We can begin by using Coulomb's Law:
[tex]E = \frac{kq}{r^2}[/tex]
k = Coulomb's Constant (8.99 × 10⁹ Nm²/C²)
E = Electric field strength (N/C)
r = distance from point (m)
q = charge (C)
Since this is a continuous charge, we must use calculus.
We can express this as the following:
[tex]q = \lambda L[/tex]
λ = Linear charge density (C/m)
L = Length of rod (m)
Now, since this is an arc, L = s (arc length). Additionally, we must find the differential elements of each:
[tex]dq = \lambda ds\\\\dq = \lambda rd\theta[/tex]
Our new equation is:
[tex]dE = \frac{kdq}{r^2}\\\\dE = \frac{k\lambda rd\theta}{r^2}[/tex]

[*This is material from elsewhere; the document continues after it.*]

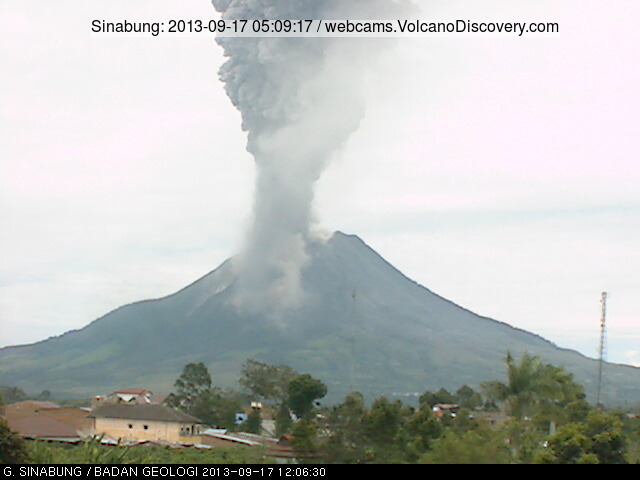 Eruption of Sinabung this morning (VSI webcam)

However, we will only take the cosine component of the electric field since the vertical components will cancel out. (Electric fields are a vector). Therefore:
[tex]dE = \frac{k\lambda rd\theta}{r^2}cos\theta\\\\dE = \frac{k\lambda}{r}cos\theta d\theta[/tex]
Integrate. For a semicircle, the bounds will be from -π/2 to π/2.
[tex]E = \frac{k\lambda}{r}\int\limits^{\frac{\pi}{2}}_{-\frac{\pi}{2}}} {cos\theta} \, d\theta\\\\E = \frac{k\lambda}{r}sin\theta\left \|{\frac{\pi}{2}} \atop {-\frac{\pi}{2}}} \right. \\\\E = \frac{k\lambda}{r}(1 - (-1)) = \frac{2k\lambda}{r}[/tex]
We need to solve for λ, which is Q/ L:
[tex]\lambda = \frac{3.10 \times 10^{-9} C}{\pi (0.05)} = 1.9735 \times 10^{-8} \frac{C}{m}[/tex]
Now, plug and solve for the electric field strength:
[tex]E = \frac{2(8.99\times 10^9)(1.9735\times 10^{-8})}{0.05} = \boxed{7096.783 \frac{N}{C}}[/tex]
**A diagram was not provided, but if the hemisphere's focus was to the right, the electric field would be to the right, and etcetera.